Türkiye genelinde son yıllarda kene vakalarında artış yaşandı. Kene ile mücadele etmek amacıyla ise Tarım ve Orman Bakanlığına bağlı Doğa Koruma ve Milli Parklar (DKMP) Genel Müdürlüğü tarafından doğaya binlerce keklik salındı. Kekliklerin kenelerle mücadeledeki rolü de sıkça tartışılan konular arasında yer alırken, son noktayı Avcılık ve Yaban Hayatını Koruma Konfederasyonu (AYHAK) Genel Başkanı Selim Şahin koydu. AYHAK Başkanı Şahin, “Keklik kene yemez. Keklik, kene taşır. Keklik, hastalıkların yayılmasında rol oynayan önemli bir etkendir” dedi.
“KEKLİK KENE TAŞIYAN BİR HAYVANDIR”
Polatlı Postası İnternet Haber Sitesi’ne özel değerlendirmelerde bulunan AYHAK Başkanı Selim Şahin, kamuoyunun yanlış yönlendirildiğini belirtti. Tarım ve Orman Bakanlığı’na bağlı Doğa Koruma ve Milli Parklar (DKMP) Genel Müdürlüğü tarafından bazı bölgelerde doğaya binlerce kekliğin salınması, kamuoyunda kenelerle mücadele için atılmış bir adım olarak değerlendirildi.
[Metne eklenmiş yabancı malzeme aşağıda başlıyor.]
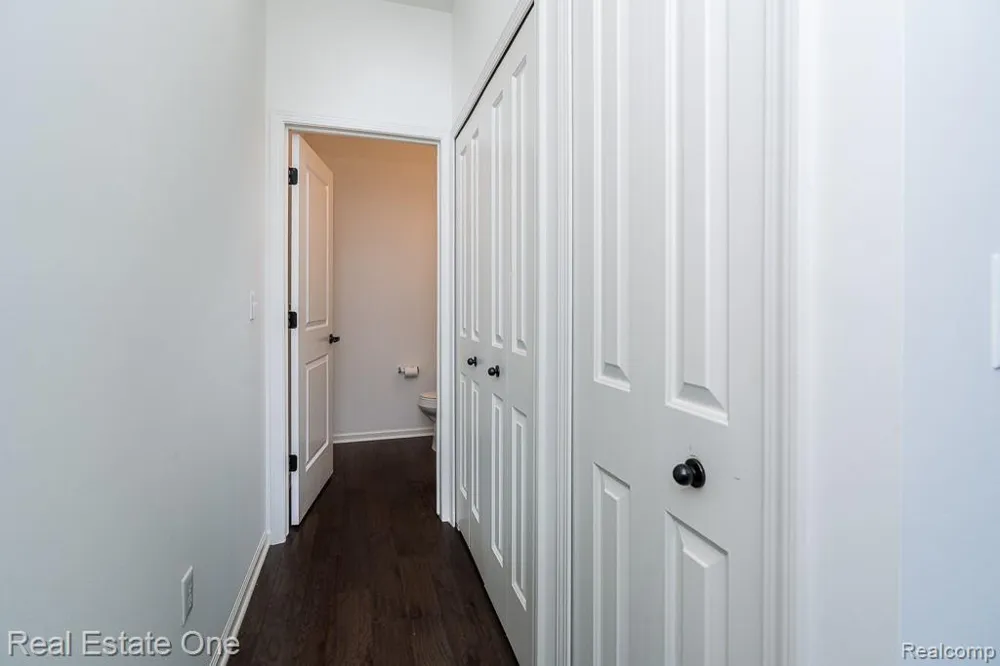 4637 BRADLEY CIRCLE Troy City, MI 48085
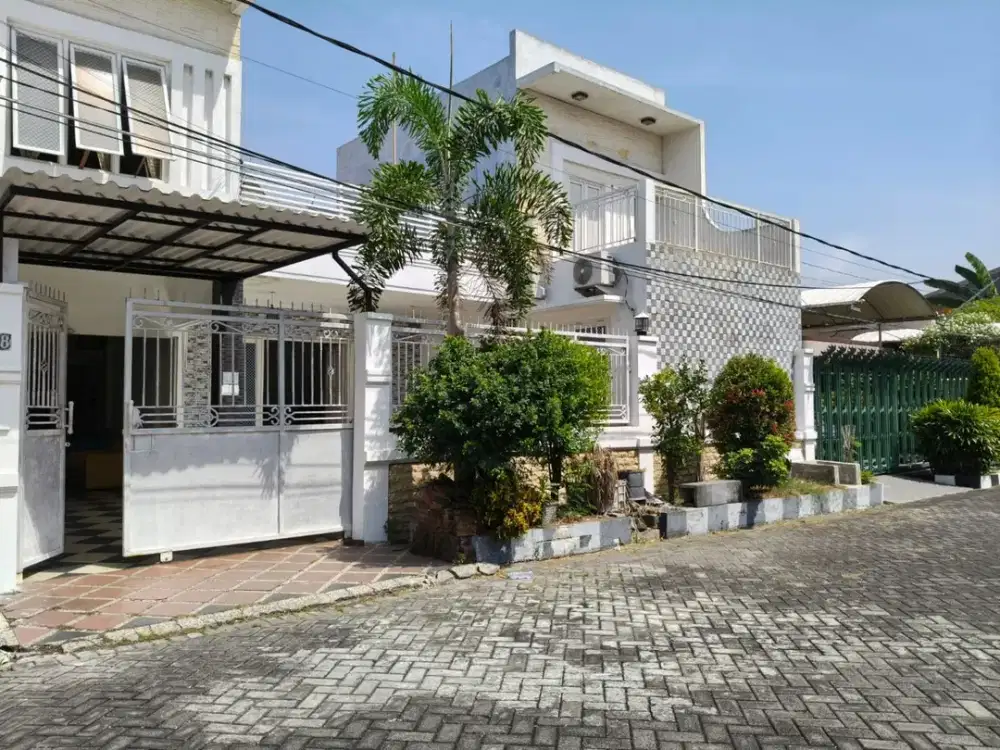 Di Jual Rumah 2 lantai di manyar tirtomoyo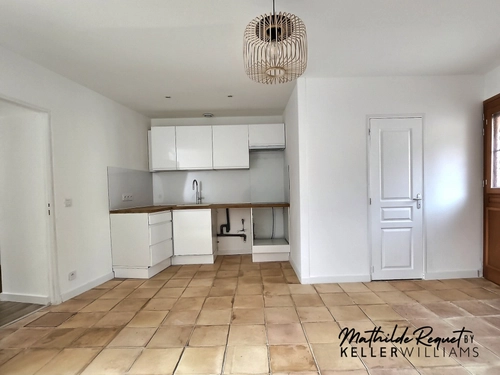 Image d'un appartement 3 pièces 53 m² à 232000€ à bormes-les-mimosas (83230)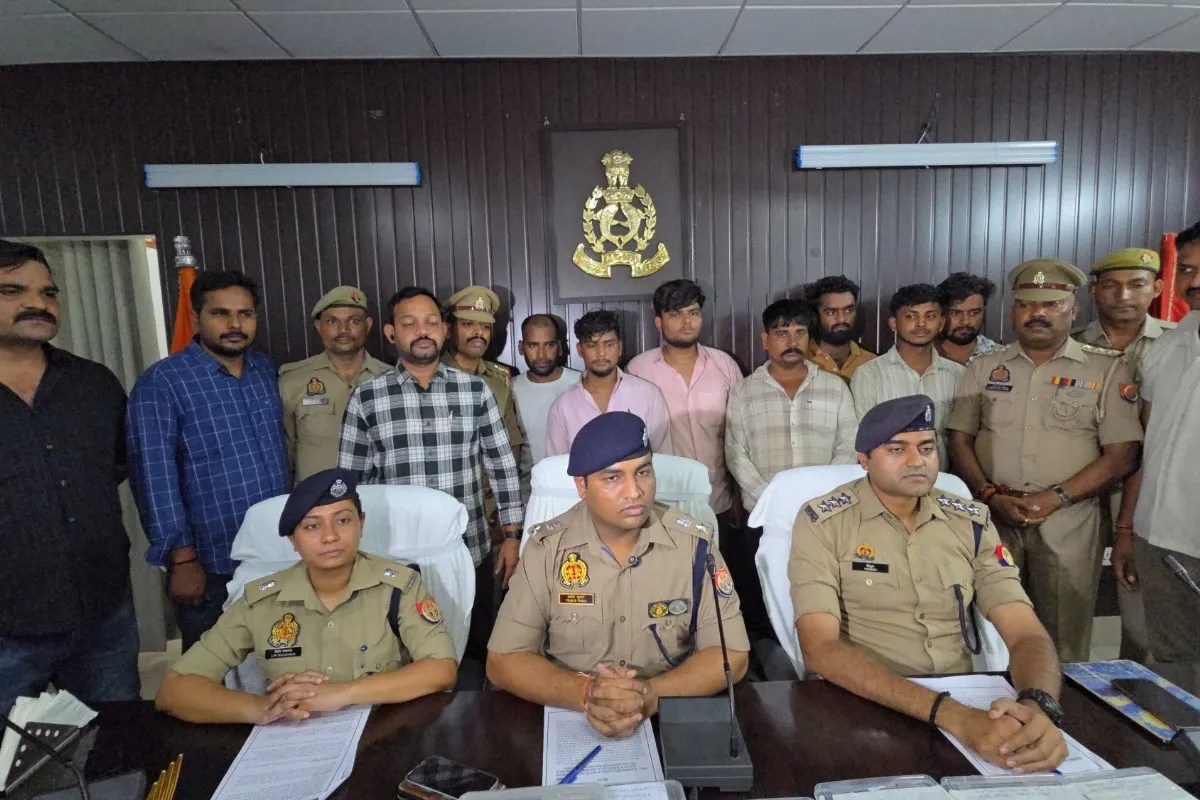 Arms suppliers arrested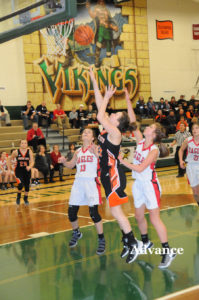 Two baskets in the first quarter by Maddy Hincka provided a spark for the Hurons in the regional championship game. (Photo by Richard Lamb)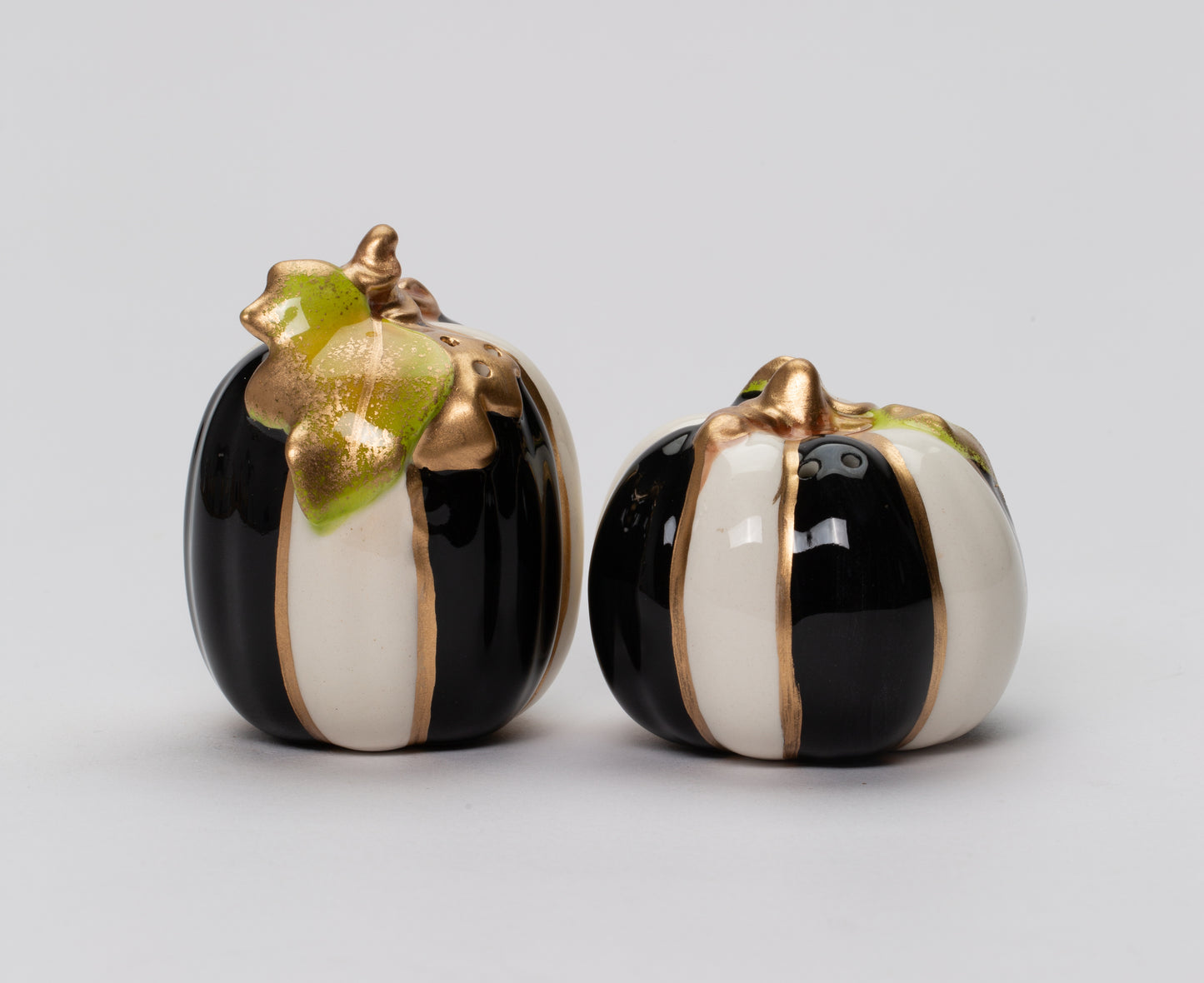 Ceramic Black and White Pumpkin Salt And Pepper Shakers, Home Décor, Gift for Her, Gift for Mom, Kitchen Décor, Fall Décor, Halloween Décor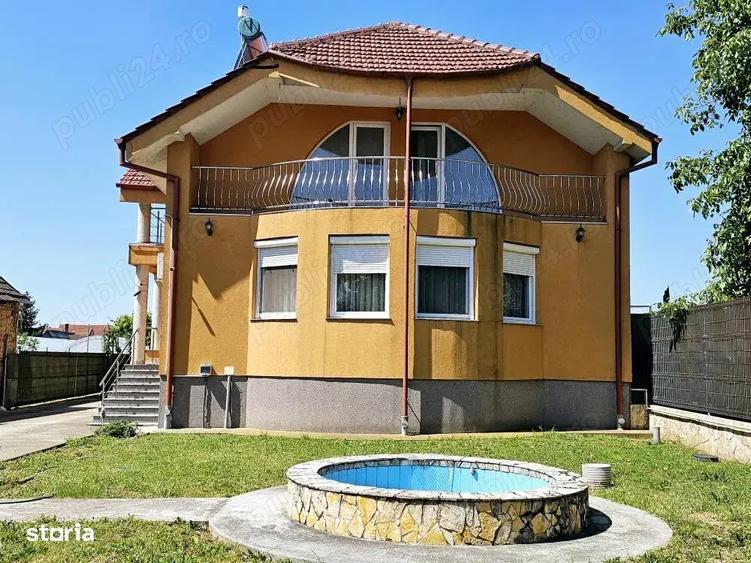 De vanzare casa cu 5 camere in Episcopia ?i teren generos - 4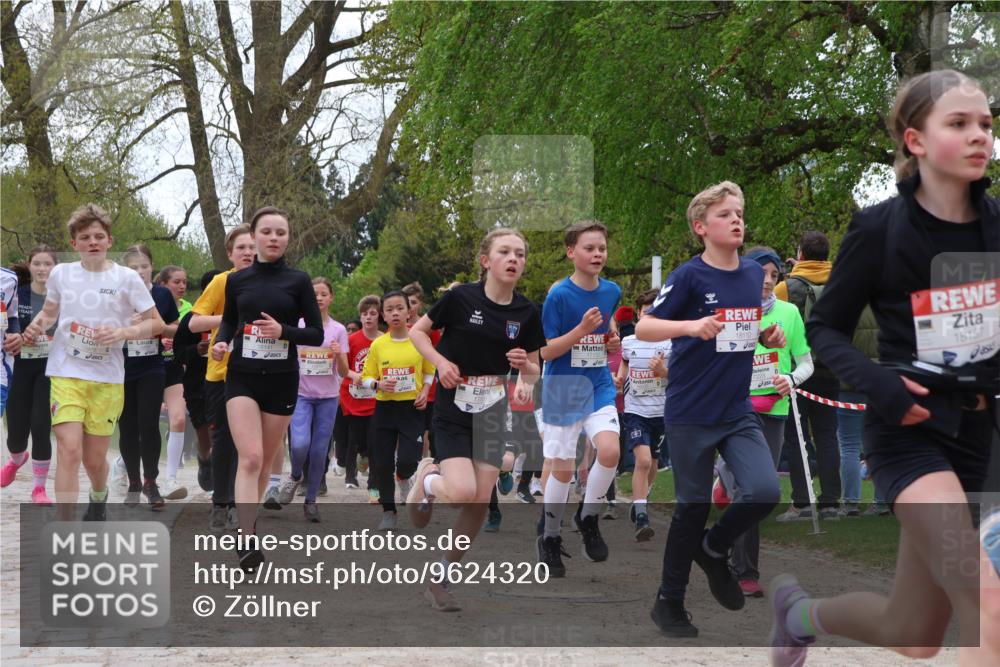 25.04.2026 - Das Zehntel Zöllner http://msf.ph/oto/9624320 25.04.2026 13:42:55 Laufen 18141, 18157 meine-sportfotos.de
AYHAK Başkanı Şahin ise, bu uygulamanın çok yanlış ve riskli olduğunu açıkladı. Başkan Şahin, konuyla ilgili şunları söyledi:
“Kamuoyunda yaygın olarak kekliklerin kene yediği sanılıyor. Oysa bu, tamamen doğru bilinen yanlışlardan biri. Keklik, kene yiyen değil, aksine kene taşıyan bir hayvandır. Ölü bir kekliği elimize aldığımızda, üzerinde onlarca kene olduğunu rahatlıkla görebiliriz. Eğer keklik gerçekten kene yiyor olsaydı, önce üzerindeki keneleri yerdi. Sürü halinde gezen keklikler birbirlerinin üzerindeki keneleri temizlemiyor.”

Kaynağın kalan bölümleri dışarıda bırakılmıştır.